# Imports and parameters

In [1]:
import matplotlib.pyplot as plt
import matplotlib.image as mpimg
import os
import pandas as pd
import tqdm
import torch
import shutil
import sys

from diffusers import DDIMScheduler, DiffusionPipeline, StableDiffusionPipeline
# from lora_diffusion import inject_trainable_lora, extract_lora_ups_down
from pathlib import Path
from PIL import Image
from typing import Optional

  from .autonotebook import tqdm as notebook_tqdm


In [2]:
def find_project_root() -> Optional[Path]:
    current = Path(".").resolve()
    
    while True:
        if (current / ".git").exists():
            return current
        
        if current.parent == current:
            print("WARNING: No .git dir found")
            return current
              
        current = current.parent
        

PROJECT_ROOT = find_project_root()

In [3]:
# Params

BASE_MODEL = 'runwayml/stable-diffusion-v1-5'
INPUT_DATA = 'data/external/pokemon'
POKEMON_STATS = 'data/external/pokemon_stats.csv'
TRAIN_DATA = 'data/processed/pokemon'
TARGET_POKEMON_TYPE = "water"
TARGET_POKEMON_GENERATION = 1
MODEL_DIRECTORY = 'models'
LORA_NAME = f"type-{TARGET_POKEMON_TYPE}-generation-{TARGET_POKEMON_GENERATION}"
LORA_PATH = f"{MODEL_DIRECTORY}/{LORA_NAME}"
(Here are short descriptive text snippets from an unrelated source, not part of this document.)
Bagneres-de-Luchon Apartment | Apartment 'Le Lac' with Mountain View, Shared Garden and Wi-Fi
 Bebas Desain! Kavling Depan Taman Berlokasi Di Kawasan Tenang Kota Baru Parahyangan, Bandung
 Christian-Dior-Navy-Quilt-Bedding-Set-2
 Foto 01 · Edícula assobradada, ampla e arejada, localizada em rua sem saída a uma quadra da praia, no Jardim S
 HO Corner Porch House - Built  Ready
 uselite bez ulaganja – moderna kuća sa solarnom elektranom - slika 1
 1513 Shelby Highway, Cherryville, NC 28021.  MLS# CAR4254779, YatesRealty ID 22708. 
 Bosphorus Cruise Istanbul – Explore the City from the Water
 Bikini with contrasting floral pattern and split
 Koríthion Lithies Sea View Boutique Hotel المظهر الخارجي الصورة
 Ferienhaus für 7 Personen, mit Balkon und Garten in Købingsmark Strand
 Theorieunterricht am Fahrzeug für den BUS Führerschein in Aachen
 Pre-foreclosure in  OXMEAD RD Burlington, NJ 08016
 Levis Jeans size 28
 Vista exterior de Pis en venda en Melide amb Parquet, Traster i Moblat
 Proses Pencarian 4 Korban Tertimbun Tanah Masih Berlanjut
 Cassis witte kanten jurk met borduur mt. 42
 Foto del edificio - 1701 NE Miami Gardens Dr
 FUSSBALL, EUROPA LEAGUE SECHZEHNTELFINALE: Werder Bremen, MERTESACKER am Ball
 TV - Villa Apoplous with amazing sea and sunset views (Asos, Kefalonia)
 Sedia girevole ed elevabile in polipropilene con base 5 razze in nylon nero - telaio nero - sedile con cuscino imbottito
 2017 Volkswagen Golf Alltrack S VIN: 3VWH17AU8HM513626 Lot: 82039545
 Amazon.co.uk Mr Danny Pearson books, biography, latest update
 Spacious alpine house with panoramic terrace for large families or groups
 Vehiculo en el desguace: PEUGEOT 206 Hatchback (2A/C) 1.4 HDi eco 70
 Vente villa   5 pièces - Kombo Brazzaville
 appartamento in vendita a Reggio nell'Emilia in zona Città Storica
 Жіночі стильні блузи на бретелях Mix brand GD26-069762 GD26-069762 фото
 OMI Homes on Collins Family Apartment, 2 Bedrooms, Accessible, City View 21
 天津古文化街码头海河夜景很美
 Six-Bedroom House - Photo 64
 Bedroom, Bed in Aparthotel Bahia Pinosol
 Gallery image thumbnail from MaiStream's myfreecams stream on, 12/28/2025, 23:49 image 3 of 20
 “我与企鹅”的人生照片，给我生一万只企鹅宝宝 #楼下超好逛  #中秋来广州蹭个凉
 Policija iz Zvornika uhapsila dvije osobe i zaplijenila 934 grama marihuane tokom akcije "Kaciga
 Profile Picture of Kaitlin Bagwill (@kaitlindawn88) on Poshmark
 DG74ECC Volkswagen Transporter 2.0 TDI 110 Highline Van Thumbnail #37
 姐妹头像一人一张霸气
# Get subset of relevant Pokémon

In [4]:
pokemon = pd.read_csv(PROJECT_ROOT / POKEMON_STATS)
pokemon = pokemon[["pokedex_number", "name", "type1", "type2", "generation"]]

pokemon.head()

if not TARGET_POKEMON_TYPE.lower() in ['all', 'none', '']:
    subset_1 = pokemon.loc[pokemon['type1'] == TARGET_POKEMON_TYPE]
    subset_2 = pokemon.loc[pokemon['type2'] == TARGET_POKEMON_TYPE]
    
    subset = pd.concat([subset_1, subset_2]).sort_values('pokedex_number')
    
if not TARGET_POKEMON_GENERATION in [-1, 0]:
    subset = subset.loc[subset['generation'] == TARGET_POKEMON_GENERATION]
    
subset.head()

Unnamed: 0,pokedex_number,name,type1,type2,generation
6,7,Squirtle,water,,1
7,8,Wartortle,water,,1
8,9,Blastoise,water,,1
53,54,Psyduck,water,,1
54,55,Golduck,water,,1


# Resize training images to desired resolution

In [5]:
# Create directory and clear if it already exists
if not os.path.exists(PROJECT_ROOT / TRAIN_DATA):
    os.mkdir(PROJECT_ROOT / TRAIN_DATA)
else:
    shutil.rmtree(PROJECT_ROOT / TRAIN_DATA)
    os.mkdir(PROJECT_ROOT / TRAIN_DATA)
          
# Resize training images and save to processed directory
for image_name in os.listdir(PROJECT_ROOT/INPUT_DATA):
    
    # Only keep sprites of our defined subset (e.g. water type generation 1)
    pokedex_number = int(image_name.split('.')[0])
    
    if pokedex_number in list(subset['pokedex_number']):
        pokemon_sprite = Image.open(PROJECT_ROOT/ INPUT_DATA / image_name)
        pokemon_sprite_resized = pokemon_sprite.resize((512, 512))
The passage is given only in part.